• Description of the task:
In the records below, find the line containing "causes urination difficulties" and the line containing "Ideal Lux Lištové"; please repeat exactly the lines from one to the other, both included, and nothing more.

____ Dataset

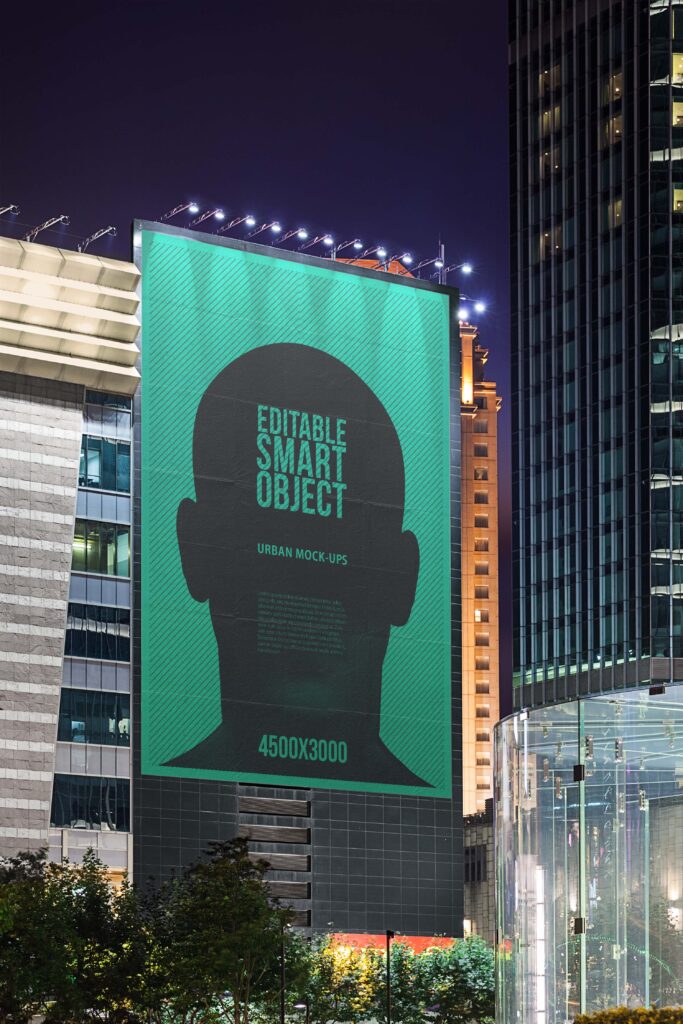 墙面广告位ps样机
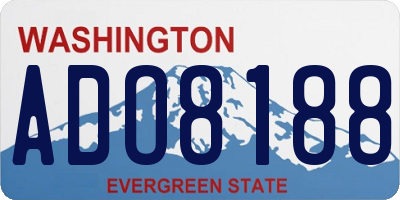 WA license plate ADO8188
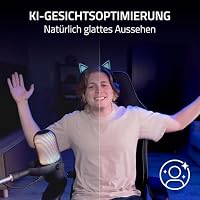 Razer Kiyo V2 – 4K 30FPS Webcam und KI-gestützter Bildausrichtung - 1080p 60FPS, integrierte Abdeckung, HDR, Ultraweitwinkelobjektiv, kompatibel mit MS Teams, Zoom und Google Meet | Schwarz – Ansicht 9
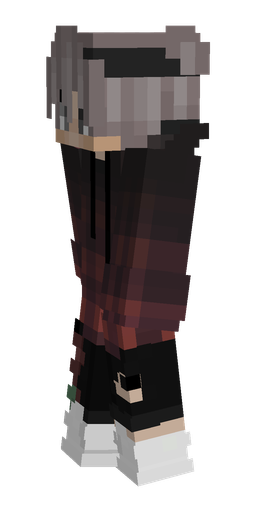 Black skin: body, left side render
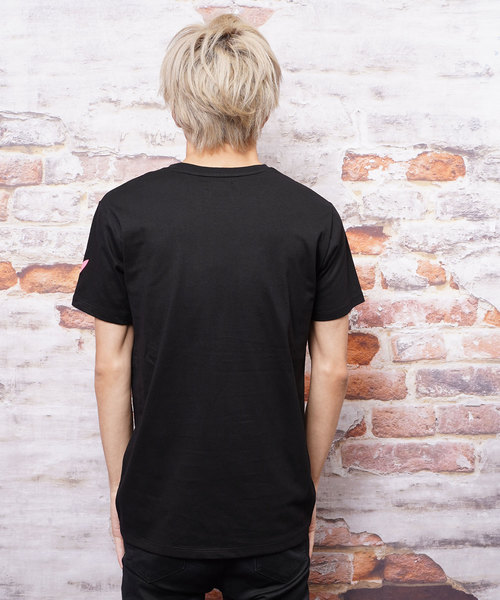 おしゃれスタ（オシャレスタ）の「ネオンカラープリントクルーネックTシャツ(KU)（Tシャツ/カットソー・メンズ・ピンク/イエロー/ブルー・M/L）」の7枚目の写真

________
____ Dataset

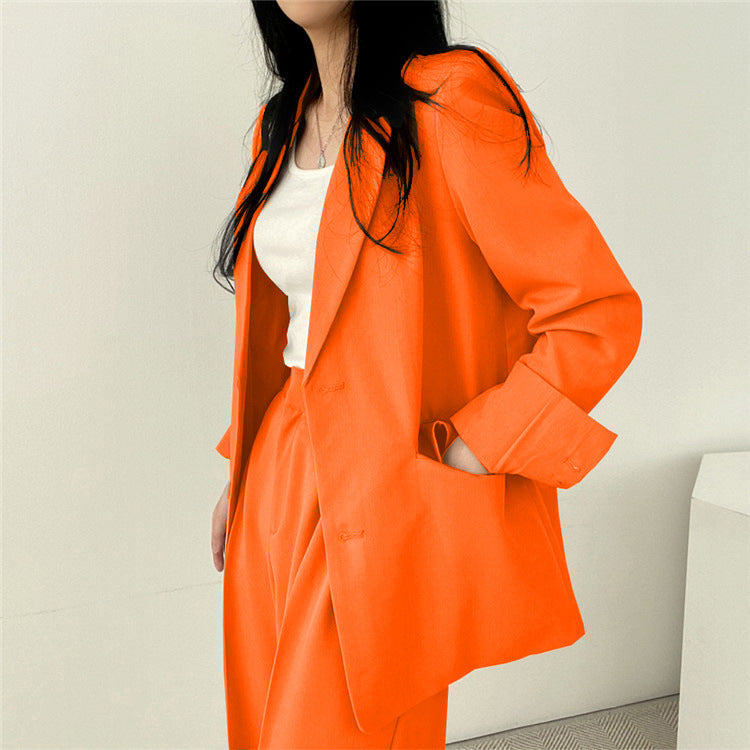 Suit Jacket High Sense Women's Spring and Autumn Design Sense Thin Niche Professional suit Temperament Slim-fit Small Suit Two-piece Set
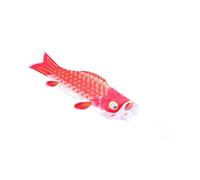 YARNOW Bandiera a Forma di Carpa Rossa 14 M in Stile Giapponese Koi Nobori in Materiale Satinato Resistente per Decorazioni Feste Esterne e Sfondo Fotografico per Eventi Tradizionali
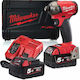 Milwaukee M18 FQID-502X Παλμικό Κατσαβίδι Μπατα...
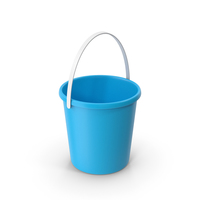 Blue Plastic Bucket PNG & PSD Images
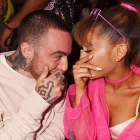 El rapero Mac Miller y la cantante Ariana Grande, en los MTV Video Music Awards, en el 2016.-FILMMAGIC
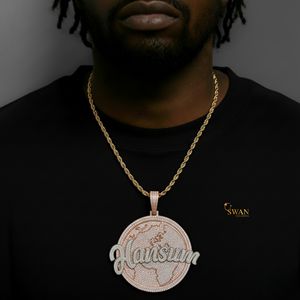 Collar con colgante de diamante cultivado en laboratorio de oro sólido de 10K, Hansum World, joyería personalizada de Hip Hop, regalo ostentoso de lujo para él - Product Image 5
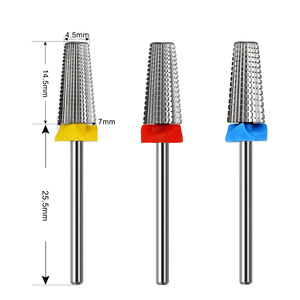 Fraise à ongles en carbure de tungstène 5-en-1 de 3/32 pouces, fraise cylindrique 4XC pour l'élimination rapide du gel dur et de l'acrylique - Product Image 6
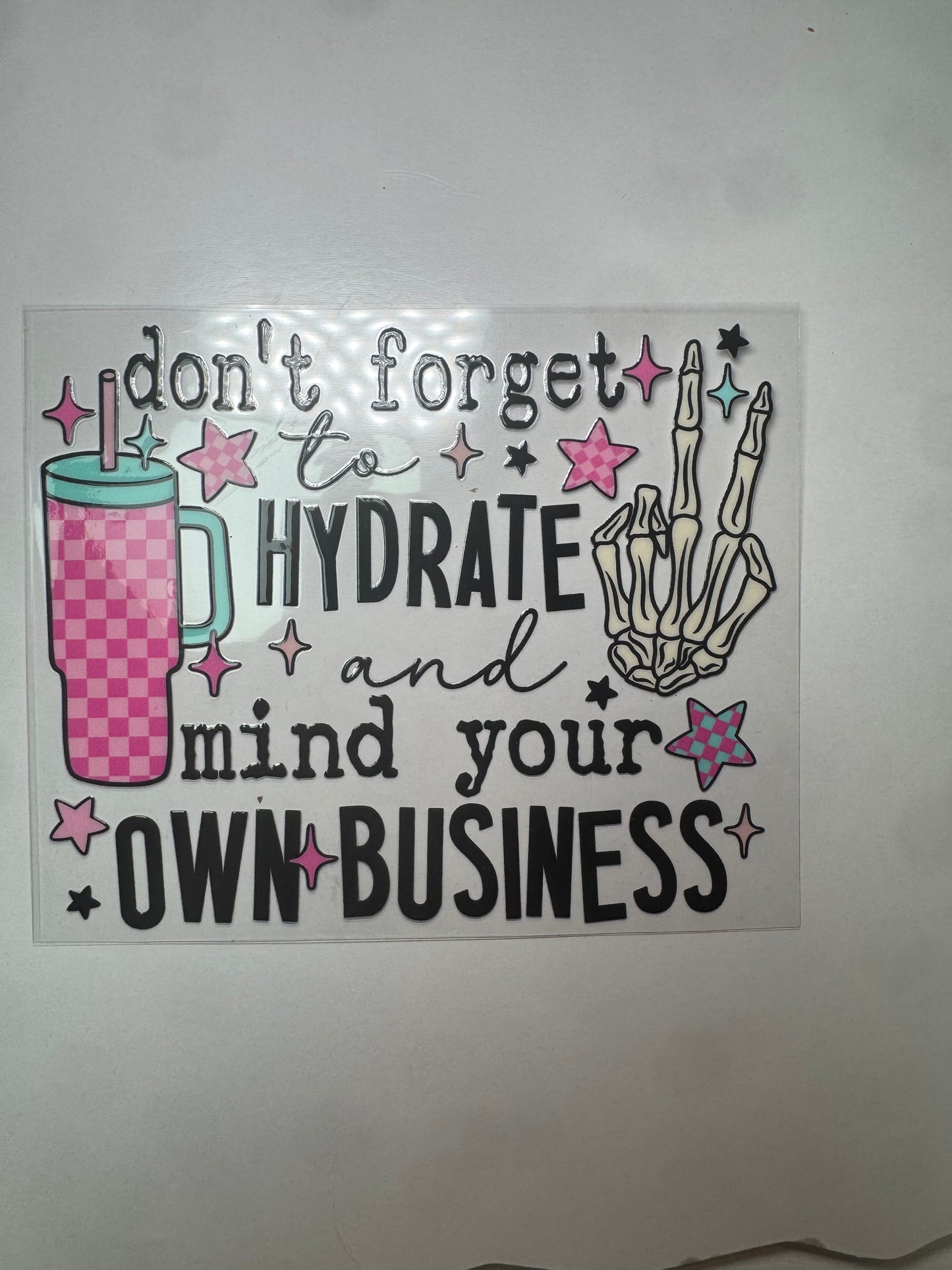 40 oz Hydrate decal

________
____ Dataset

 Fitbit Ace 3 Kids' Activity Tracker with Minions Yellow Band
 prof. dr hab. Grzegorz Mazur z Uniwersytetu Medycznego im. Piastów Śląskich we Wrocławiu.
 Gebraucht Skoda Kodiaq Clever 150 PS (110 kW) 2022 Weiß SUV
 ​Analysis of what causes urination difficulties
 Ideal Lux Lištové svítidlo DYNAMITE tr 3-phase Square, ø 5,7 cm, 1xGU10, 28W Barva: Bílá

________

• Expected output:
 ​Analysis of what causes urination difficulties
 Ideal Lux Lištové svítidlo DYNAMITE tr 3-phase Square, ø 5,7 cm, 1xGU10, 28W Barva: Bílá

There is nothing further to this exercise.